All-caps paragraphs are an example of self-defeating typography. If you need readers to pay attention to an important part of your document, the last thing you want is for them to skim over it. But that’s what inevitably happens with all-caps paragraphs, because they’re so difficult to read.

To emphasize a paragraph, you have better options. Use rules and borders. Add a heading that labels it Important. Run it in a larger point size. But don’t capitalize it.

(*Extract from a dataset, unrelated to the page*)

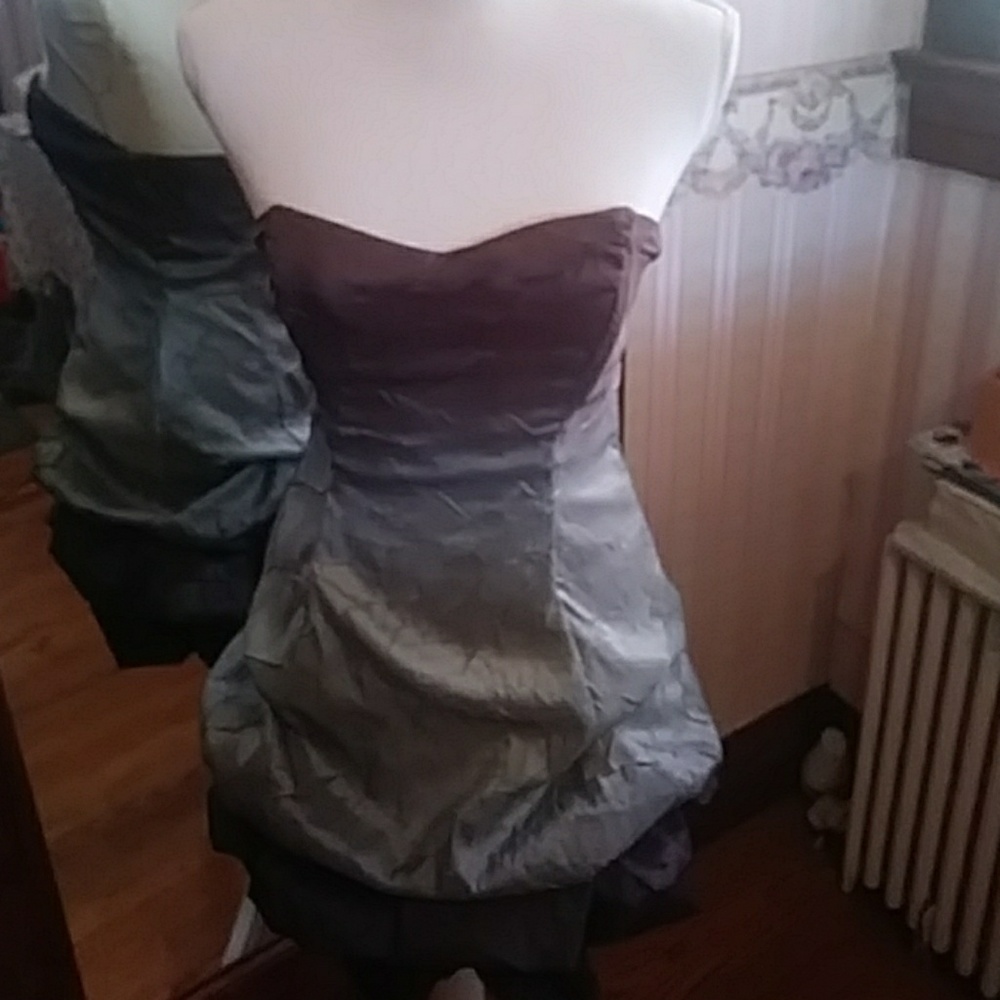 Ombre grey purple prom or wear weddin dress size 9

The terms uppercase and lowercase come from traditional print shops. Capital letters, used less frequently, were stored in a case on a shelf above the other letters (then called minuscule letters).
by the way
· “Why reject underlining but not caps? Aren’t they both typewriter habits?” No. Caps are the original alphabetic characters. They are part of the oldest traditions of our written language. Underlining cannot claim a similar pedigree. Caps in English descend directly from the Latin alphabet. (That’s why basic, unstyled fonts are called roman.) Through the early Middle Ages, scribes in Europe adapted the Latin alphabet into smaller, more casual forms, called minuscules. In the 700s, Charlemagne started a project to create a standardized script across his empire. That script, Carolingian minuscule, spread through Europe and popularized the combination of uppercase and lowercase letters that’s been a feature of printed European languages since then.

· To those holdouts who are still typing emails in all caps: enough already. YOU DON’T HAVE TO SHOUT. WE CAN HEAR YOU JUST FINE.